The existing building has been treated carefully throughout, making use of traditional materials and craftsmanship throughout to ensure that the building’s envelope functions as it was initially intended to. Inappropriate cement repairs have been removed from the elevation and replaced with lime mortar pointing and stone repairs. The glazing has generally been retained and where possible adapted to take slimline double glazed units, recently installed windows have been replaced.
The 1980s garage has been rendered to simplify its appearance with a glass block frontage installed to allow natural light into a space that will become a bike workshop. The garage’s flat roof has been adapted with a conservatory, formed from one piece of cranked steel and infill glazing, built in the location of a former greenhouse as well as a roof terrace to the front. There is a clear distinction between the old and the new parts though use of colour and texture creates visual links between the two.

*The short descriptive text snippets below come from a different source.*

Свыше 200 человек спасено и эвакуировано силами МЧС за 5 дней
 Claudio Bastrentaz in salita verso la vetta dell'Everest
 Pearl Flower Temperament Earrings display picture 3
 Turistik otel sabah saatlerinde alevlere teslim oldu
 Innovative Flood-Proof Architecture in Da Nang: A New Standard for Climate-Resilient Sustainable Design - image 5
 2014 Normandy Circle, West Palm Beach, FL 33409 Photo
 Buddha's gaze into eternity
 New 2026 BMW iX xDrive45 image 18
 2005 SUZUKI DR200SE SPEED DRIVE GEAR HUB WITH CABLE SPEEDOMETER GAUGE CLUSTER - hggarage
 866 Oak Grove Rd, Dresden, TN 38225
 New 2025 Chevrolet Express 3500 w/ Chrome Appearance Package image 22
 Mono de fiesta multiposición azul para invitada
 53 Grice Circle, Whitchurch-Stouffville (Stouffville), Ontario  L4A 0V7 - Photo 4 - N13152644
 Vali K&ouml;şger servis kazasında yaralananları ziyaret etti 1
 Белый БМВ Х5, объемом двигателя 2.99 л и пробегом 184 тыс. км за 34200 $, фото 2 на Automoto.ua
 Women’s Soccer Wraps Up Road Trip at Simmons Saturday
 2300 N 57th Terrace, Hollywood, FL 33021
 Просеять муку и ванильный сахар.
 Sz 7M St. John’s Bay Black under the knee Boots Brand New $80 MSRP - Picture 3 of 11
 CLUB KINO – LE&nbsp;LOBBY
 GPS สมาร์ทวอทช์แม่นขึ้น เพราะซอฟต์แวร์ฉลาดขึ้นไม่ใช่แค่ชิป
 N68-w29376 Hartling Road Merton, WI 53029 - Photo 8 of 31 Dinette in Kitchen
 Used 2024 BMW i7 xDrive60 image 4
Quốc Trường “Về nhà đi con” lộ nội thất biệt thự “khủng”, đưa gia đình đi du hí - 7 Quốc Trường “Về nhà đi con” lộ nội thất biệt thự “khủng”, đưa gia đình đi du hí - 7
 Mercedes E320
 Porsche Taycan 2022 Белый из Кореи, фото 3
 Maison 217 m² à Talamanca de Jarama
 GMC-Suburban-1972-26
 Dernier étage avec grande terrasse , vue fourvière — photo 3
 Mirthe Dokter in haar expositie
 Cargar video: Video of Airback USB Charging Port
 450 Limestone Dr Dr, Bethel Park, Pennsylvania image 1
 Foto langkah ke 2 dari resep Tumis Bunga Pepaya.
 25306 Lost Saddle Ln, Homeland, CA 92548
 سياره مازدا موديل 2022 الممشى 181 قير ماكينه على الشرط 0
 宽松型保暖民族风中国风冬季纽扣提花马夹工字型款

Internally the ground floor plan has been largely retained, though with new access to the workshop. To the front sits two bedrooms accessed from the entrance hall with a kitchen looking onto the shared garden to the rear. Upstairs is the room that inspired the whole project; there was evidence of the original ceiling finish being of a higher quality and sitting in line with the external shape of the roof. This encouraged an aspiration to open up the room to create one space to be used as a studio and events space. Through careful work with the structural engineer, David Narro Associates, we developed a proposal that allowed the removal of horizontal and vertical timbers to open up the roof space. This involved strengthening the rafters at high level, installing a beam that runs the length of the room as well as three stainless steel ties that hold the structure together and are the only evidence of the structural alterations.
Insulation standards have been improved to contemporary standards throughout the walls and roof and the windows have been draught proofed with new glazing installed, providing a comfortable internal environment.
The project was featured on BBC 2’s Building Dream Homes in mid 2014.